The Population data is sourced from the Humanitarian Data Exchange Hub https://data.humdata.org/, a repository of humanitarian data from multiple sources, and uses mainly data from Meta, which developed a model to estimate population at an extremely granular level (you can read about it here https://dataforgood.facebook.com/dfg/tools/high-resolution-population-density-maps), with integration of data from Kontur, a free humanitarian geospatial data provider (https://www.kontur.io/) for countries not supported by the Meta model. It's important to note that the data is subsetted in countries, and we used that as an advantage to track all the quadkeys of interest and label them to each country.

In [1]:
import pandas as pd
import os

cart = 'C:\\Users\\Luca\\Downloads\\temp'

We're now going to illustrate the process of reading a Meta dataset for a random country, in this case Angola.
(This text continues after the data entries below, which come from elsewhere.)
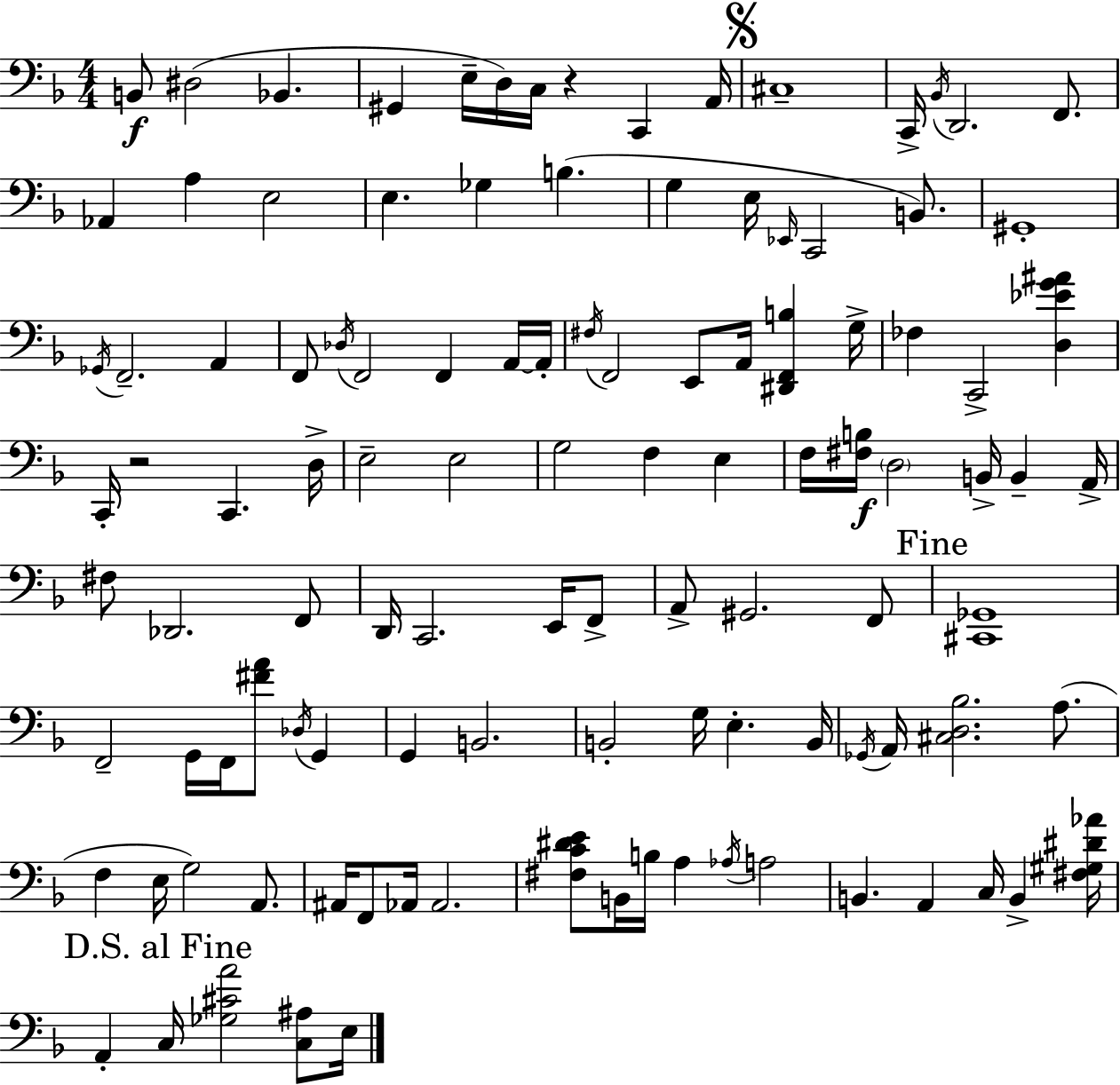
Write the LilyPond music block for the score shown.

{
  \clef bass
  \numericTimeSignature
  \time 4/4
  \key f \major
  b,8\f dis2( bes,4. | gis,4 e16-- d16) c16 r4 c,4 a,16 | \mark \markup { \musicglyph "scripts.segno" } cis1-- | c,16-> \acciaccatura { bes,16 } d,2. f,8. | \break aes,4 a4 e2 | e4. ges4 b4.( | g4 e16 \grace { ees,16 } c,2 b,8.) | gis,1-. | \break \acciaccatura { ges,16 } f,2.-- a,4 | f,8 \acciaccatura { des16 } f,2 f,4 | a,16~~ a,16-. \acciaccatura { fis16 } f,2 e,8 a,16 | <dis, f, b>4 g16-> fes4 c,2-> | \break <d ees' g' ais'>4 c,16-. r2 c,4. | d16-> e2-- e2 | g2 f4 | e4 f16 <fis b>16\f \parenthesize d2 b,16-> | \break b,4-- a,16-> fis8 des,2. | f,8 d,16 c,2. | e,16 f,8-> a,8-> gis,2. | f,8 \mark "Fine" <cis, ges,>1 | \break f,2-- g,16 f,16 <fis' a'>8 | \acciaccatura { des16 } g,4 g,4 b,2. | b,2-. g16 e4.-. | b,16 \acciaccatura { ges,16 } a,16 <cis d bes>2. | \break a8.( f4 e16 g2) | a,8. ais,16 f,8 aes,16 aes,2. | <fis c' dis' e'>8 b,16 b16 a4 \acciaccatura { aes16 } | a2 b,4. a,4 | \break c16 b,4-> <fis gis dis' aes'>16 \mark "D.S. al Fine" a,4-. c16 <ges cis' a'>2 | <c ais>8 e16 \bar "|."
}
The dataset consists of three columns: longitude, latitude, and the population, which is named as the country's ISO-3 code, followed by 'general', and the year in which the estimate took place. Since all the information is stored in the file's name, it's easy to iteratively find the population column's name, and then rename it as a more commonplace 'population'.

In [2]:
ago = pd.read_csv(f'{cart}\\ago_general_2020.csv')
ago

Unnamed: 0,longitude,latitude,ago_general_2020
0,11.751806,-3.999861,7.292872
1,13.914028,-3.999861,11.271312
2,13.916806,-3.999861,11.271312
3,13.917639,-3.999861,11.271312
4,13.917917,-3.999861,11.271312
...,...,...,...
5687940,22.232361,-18.999028,3.144540
5687941,23.769583,-18.999306,3.126035
5687942,23.770139,-18.999306,3.126035
5687943,23.770417,-18.999306,3.126035


In [3]:
file = 'ago_general_2020.csv'
country = file[0:3]
anno = file[12:16]
nome_var = country + '_general_' + anno

ago = ago.rename(columns = {nome_var: 'population', 'latitude': 'lat', 'longitude': 'lon'})

In [4]:
ago.describe()

Unnamed: 0,lon,lat,population
count,5687945.0,5687945.0,5687945.0
mean,17.63886,-8.936835,12.78684
std,3.833931,4.499281,13.14782
min,11.23764,-18.99958,0.0
25%,14.78986,-12.54819,5.726582
50%,16.15236,-7.005972,9.23722
75%,21.33736,-5.227361,14.78771
max,24.99958,-3.999861,179.8801


The assignment of each point to its own quadkey 14 tile is easily done thanks to pyquadkey2's quadkey.from_geo() function. In this case, there are 99,565 separate quadkeys for the country of Angola.

In [5]:
from pyquadkey2 import quadkey
ago['quadkey'] = ago.apply(lambda x: str(quadkey.from_geo((x['lat'], x['lon']), 14)), axis=1)
len(ago.quadkey.unique())

99565

The 'population' value represents the estimated population density. We estimate the true value of the quadkey 14 tile to be the mean of all the points within the tile.

In [6]:
ago = ago.groupby('quadkey', as_index = False).population.mean()
ago.describe()

Unnamed: 0,population
count,99565.0
mean,10.431596
std,6.949121
min,0.0
25%,5.88245
50%,9.140633
75%,13.760512
max,95.530343


The script is automated for the remaining countries

In [None]:
for file in lista:
    df = pd.read_csv(path + '\\' + file)

    country = file[0:3]
    anno = file[12:16]
    nome_var = country + '_general_' + anno

    diz = {nome_var: 'Population', 'population_2020': 'Population', 'latitude': 'LATNUM', 'longitude': 'LONGNUM', 'Lat': 'LATNUM', 'Lon': 'LONGNUM'}
    
    df = df.rename(columns = diz)

    print(f'getting quadkey for {country}...')
    df['quadkey'] = df.apply(lambda x: str(quadkey.from_geo((x['LATNUM'], x['LONGNUM']), 14)), axis=1)
    
    print(f'grouping quadkeys for {country}...')
    df_group = df.groupby('quadkey', as_index = False).mean()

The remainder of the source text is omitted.